4808. AU COMTE DE TYRCONNELL, MINISTRE DE FRANCE, A BERLIN.
Potsdam, 23 février 1751.
Milord. J'ai bien reçu votre lettre du 21 de ce mois et ressens, avec toute la reconnaissance que vous pouvez attendre de ma part, l'empressement que vous avez eu à me communiquer la copie de la lettre de M. de Puyzieulx que votre courrier vient de vous apporter. Je la joins ci-close, en vous priant de lui marquer de la manière la plus persuasive combien je suis touché des sentiments qu'il manifeste à mon égard, et que je fais les plus sincères remercîments de tous les soins que Sa Majesté Très Chrétienne prend pour mes intérêts. Je suis fort sensible à ce que votre cour applaudit au parti que j'ai pris sur l'élection de l'Archiduc; je l'entends parfaitement comme le marquis de Puyzieulx le marque dans sa lettre, et ma résolution est prise que, si l'affaire est portée à une Diète d'élection et qu'on y veuille décider la question préliminaire contre l'unanimité des voix, je ferai retirer mes ministres, en faisant leur protestation contre tout ce qui se fera à cette Diète.

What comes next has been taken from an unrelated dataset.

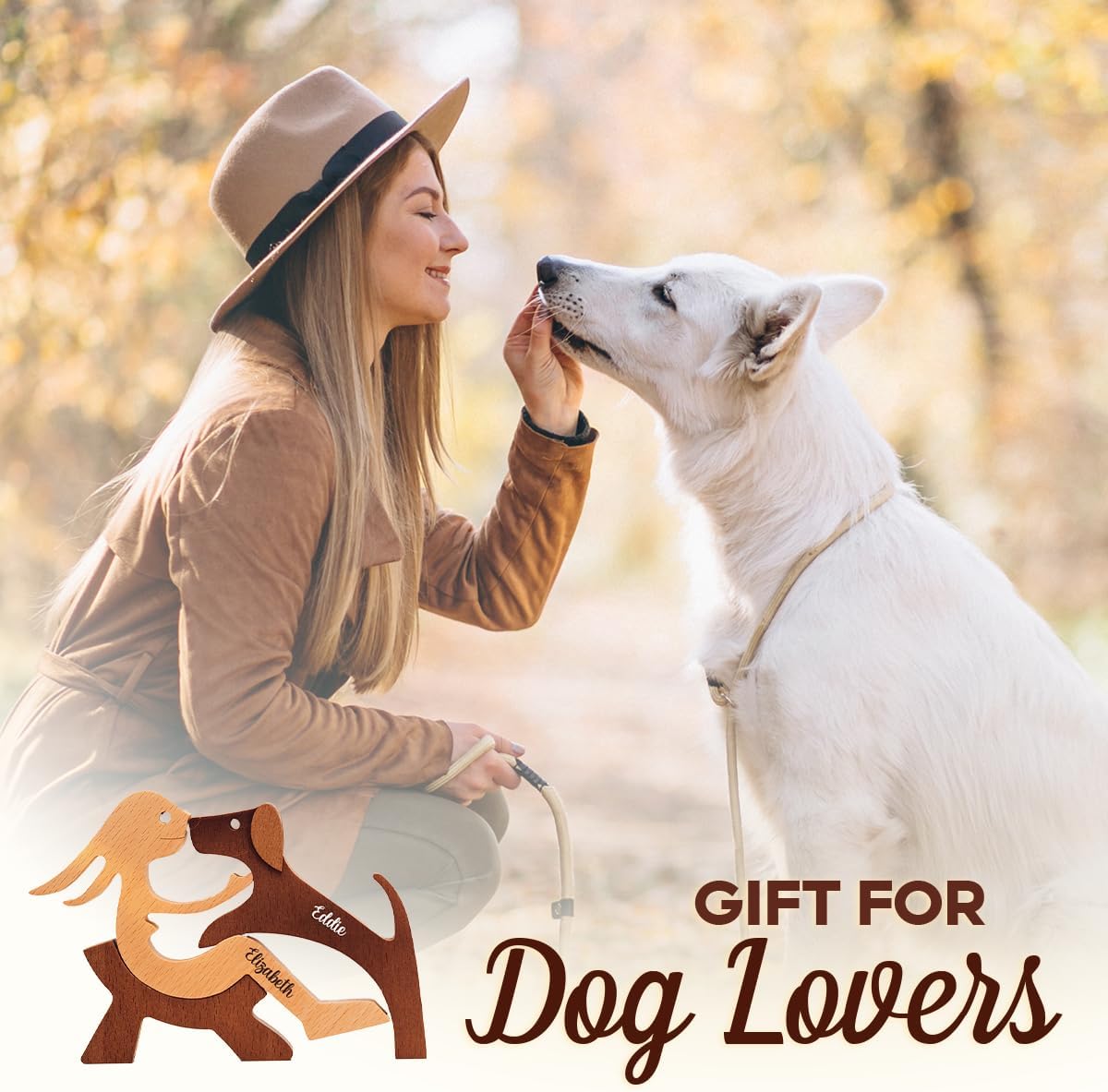 DOPTIKA Personalized Dog Statues Home Decor, Statue Home Decorations, Table Decor Wooden Pet Carvings, Wooden Sculpture, Gifts for Pet Lovers, Dog Memory Gifts, House Warming Gift Ideas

Je sais bon gré au marquis de Mirepoix de ce qu'il a fait entendre raison au duc de Newcastle touchant le rappel du sieur Williams. Je donnerai sans doute l'audience de congé à celui-ci, quand il me la demandera. Les raisons des plaintes que j'ai eues contre lui, sont de ce qu'il a tenu dans de grandes tables des propos injurieux contre mon gouvernement, le traitant de misérable et de ridicule, tournant tout du mauvais côté et ajoutant qu'il aimerait mieux être un singe de l'île de de Bornéo que ministre prussien, ajoutant beaucoup d'autres indécences, traitant le gouvernement de tyrannique et montrant partout de la mauvaise volonté contre ce qui regarde moi et mes intérêts.
Quant aux affaires de Danemark, je crois apercevoir que ces gens croient la guerre plus proche qu'elle n'est, et que par cette raison ils craignent des engagements qui les mèneraient plus loin qu'ils voudraient, ainsi qu'il faut les attendre.
Je crois que l'Empereur est dans la bonne foi, je crois d'ailleurs que le roi d'Angleterre ne veut point la guerre générale, mais que l'Empereur et lui ont cru qu'elle se pourrait faire dans le Nord sans leur participation, prenant pour eux de rester derrière le rideau. A présent l'affaire de l'élection leur tient plus à cœur que celles de Russie, et si dans ces circonstances on ne les fait pas mollir sur ce qui regarde<280> le Nord, il semble qu'ils continueront leurs démonstrations jusqu'au moment que l'Angleterre trouvera à propos que la guerre commence. Sur ce, je prie Dieu etc.
Federic.
Nach der Ausfertigung im Archiv des Auswärtigen Ministeriums zu Paris.